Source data
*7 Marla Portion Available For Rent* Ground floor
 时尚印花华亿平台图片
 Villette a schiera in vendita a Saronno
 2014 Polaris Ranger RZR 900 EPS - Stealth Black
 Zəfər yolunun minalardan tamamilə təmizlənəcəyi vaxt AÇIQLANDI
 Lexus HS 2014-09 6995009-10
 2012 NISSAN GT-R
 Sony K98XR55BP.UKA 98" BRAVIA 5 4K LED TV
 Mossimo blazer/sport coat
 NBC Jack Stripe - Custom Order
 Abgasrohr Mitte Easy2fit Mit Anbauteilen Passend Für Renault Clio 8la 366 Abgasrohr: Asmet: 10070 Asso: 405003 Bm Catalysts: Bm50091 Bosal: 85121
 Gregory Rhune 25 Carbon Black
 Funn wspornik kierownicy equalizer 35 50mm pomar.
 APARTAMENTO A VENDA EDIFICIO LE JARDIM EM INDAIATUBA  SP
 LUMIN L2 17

§ **WHAT TO PRODUCE**
Starting from the line with "Mossimo blazer/sport coat" and ending with the final line of the data, quote every line exactly, both ends included.

§ **TASK RESULT**
 Mossimo blazer/sport coat
 NBC Jack Stripe - Custom Order
 Abgasrohr Mitte Easy2fit Mit Anbauteilen Passend Für Renault Clio 8la 366 Abgasrohr: Asmet: 10070 Asso: 405003 Bm Catalysts: Bm50091 Bosal: 85121
 Gregory Rhune 25 Carbon Black
 Funn wspornik kierownicy equalizer 35 50mm pomar.
 APARTAMENTO A VENDA EDIFICIO LE JARDIM EM INDAIATUBA  SP
 LUMIN L2 17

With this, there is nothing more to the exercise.